無理もない、立て続けにあんなことが起こっては…
あんな事?
(私、なんで……)
怠くて動かなかった身体も徐々に動かせるようになり、弱々しい力の手で手探りで何かを探す。
その時、何かが手にあたり何を思ったのかそれを掴んだ。
「ん……てんちょ……」
「……まだ眠気が覚めないのか?」
そこにいると思っていた店長の声ではない、彼よりももっと低く、鼓動に響く声がアマンダの耳に届く。

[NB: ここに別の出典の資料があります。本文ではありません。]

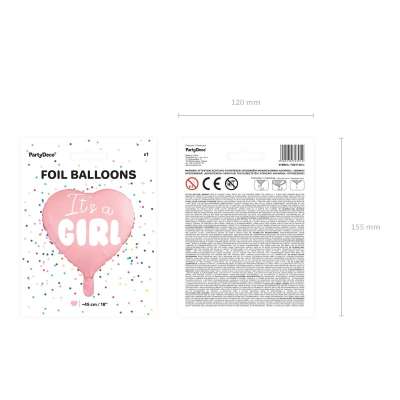 Balon foliowy "It's a girl" na baby shower serce różowe 48cm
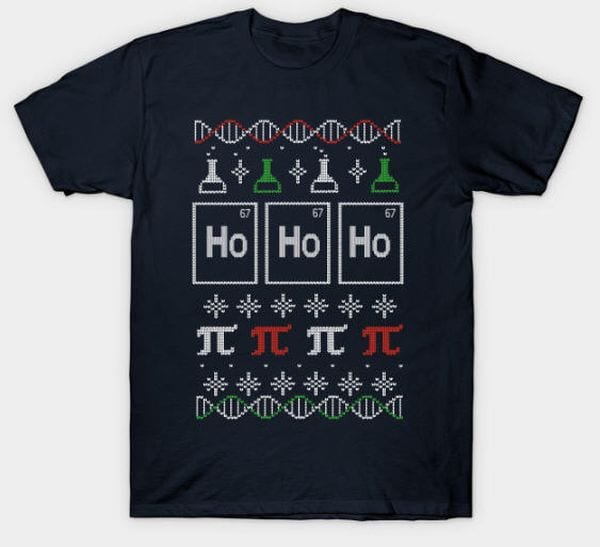 Christmas shirt with scientific element graphics.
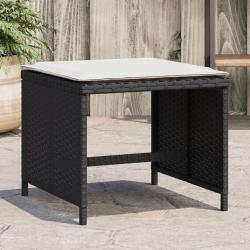 Tabourets de jardin et coussins lot de 4 noir 41x41x36 cm rotin alsavelo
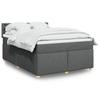 Vidaxl Łóżko Kontynentalne Z Materacem, Ciemnoszara Tkanina 140X190 Cm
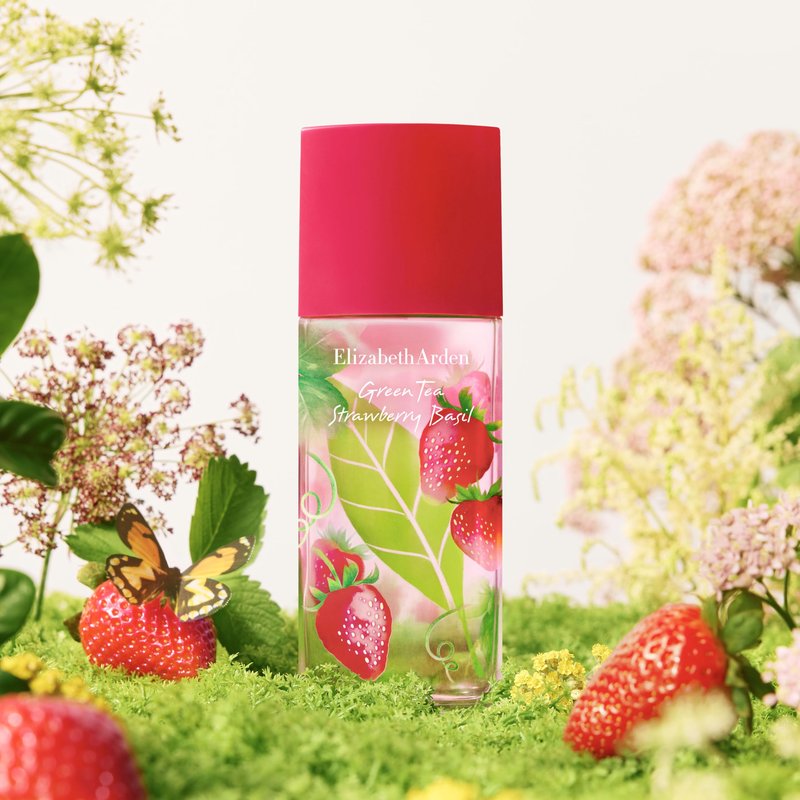 Elizabeth Arden Green Tea Strawberry Basil Eau de Toilette, Perfume for Women, Long Lasting, Fruity & Fresh Fragrance, 3.3 fl oz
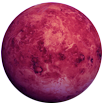 the planet venus with a pink glow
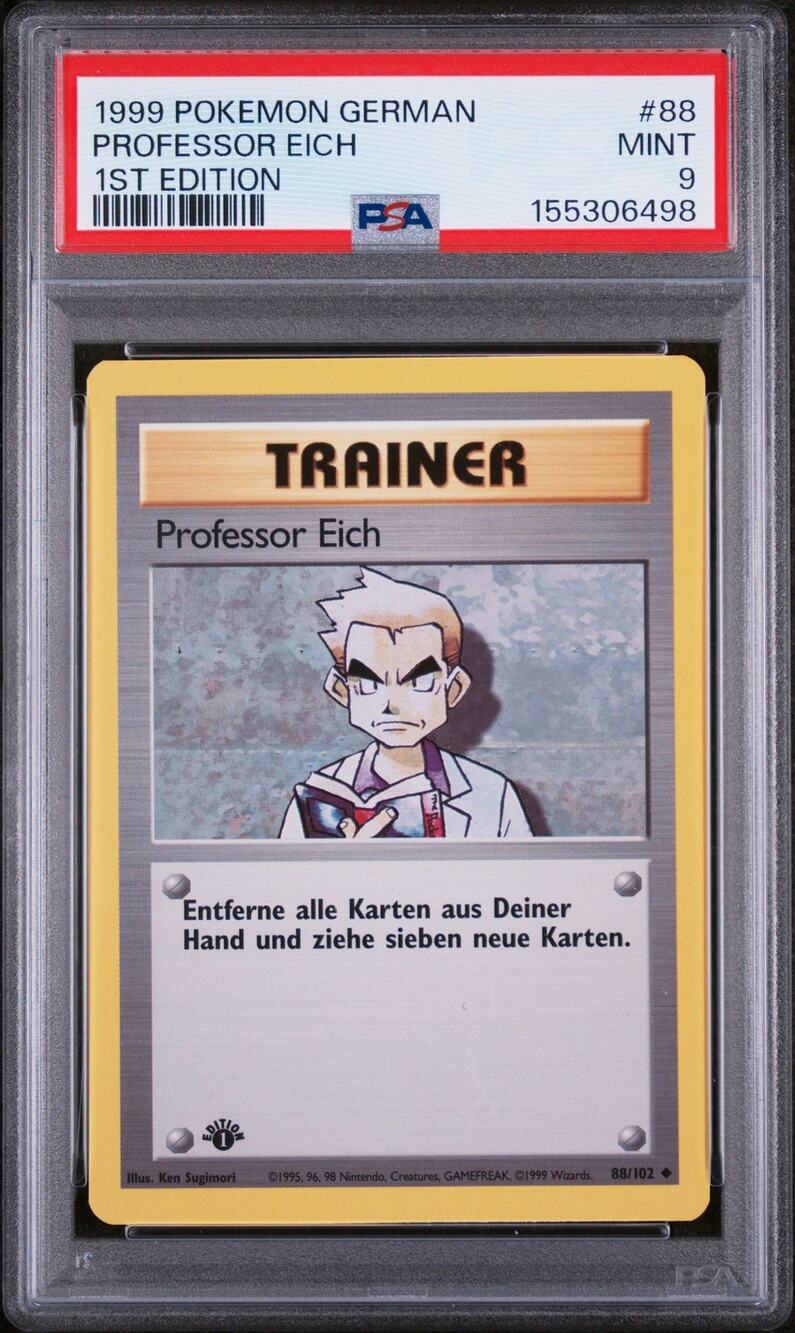 PSA 9 MINT Professor Oak (Eich) 1st Edition 88/102 Pokรฉmon 1999 German Base Set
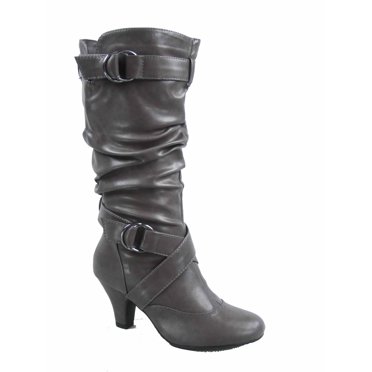 Maggie-39 Women's Round Toe High Heel Zipper Mid-Calf Causal Dress Boots Shoes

その声に意識がだんだんはっきりとしてきて、ようやくアマンダの目が覚めたとき
「…………?あれ?」
「やっと起きたか」
目を覚ましたお姫様が最初に視界に入ったのは、マスク越しでわからないがこちらを見ているに違いないキラーだった。
「えっと……キラー…さん?」
「夕食の時間だというのに食堂に来ないから呼びにきた。まだ荷物を片付けていない所を見ると、おれとキッドが部屋を出た後すぐ就寝したようだな」
呆然としているアマンダとは対照的に冷静なキラー。
だんだんと意識がはっきりとしてきた彼女は自分が今、店長と呟いてキラーの服の袖を掴んでいることを認識する。
「ーーーっ!!?
す、すみません!私……」
「構わない。だが寝るならせめて腕のギプスは外してからにしろ。寝返りで圧迫したら具合が悪化する恐れがある」
「は、はい。以後気をつけます……」
どうやらベッドにダイブした直後すぐに寝てしまったようだ。
慌てて上半身を起こし、キラーの服の袖を掴んでいた手を離す。
そのままいけば確実にアマンダを起こすために顔が至近距離にあったキラーに衝突しそうだったが、それを見越してキラーは素早く顔を上げたため、そのような事態にはならなかった。
(やっちゃった……恥ずかしい)
異性に熟睡している顔を見られ、キラーの顔がまともに見れないでいる。
だらしなく口を開けたまま寝ていなかったか
変な顔で寝ていなかったか
自分の寝顔なんて鏡でも見れないため、どう見られていたか気になる。
口元を袖で拭ってみると何も付いていなかったため、涎は垂らして寝ていなかったようだ。
そこは安心できた。
頭の中が羞恥でいっぱいいっぱいのアマンダとは裏腹にキラーは至極冷静な様子で何か気になったのかアマンダの顔を覗き込む。
「っ!!?きゃっ!!」
先程の件もあり突然の事で酷く驚いたアマンダは二歩、三歩とものすごい勢いで後ずさる。
キラーは突然驚かしてしまった事に謝罪するもアマンダから目を離さない。
「先程から顔が赤いようだが、熱でもあるのか?」
「え!?い、いえ!!
だ、大丈夫です!平気です!」
「………ならいいが」
まだ納得がいっていない様子のキラーだったが、それ以上は追求はして来ず、食堂へと歩いていった。
慌ててその後ろを追いかけるアマンダ。
その時、キラーの言っていた通り、やけに身体が熱いことに気づくが、先程の事で緊張がまだ解けていないのだろうと思っていた。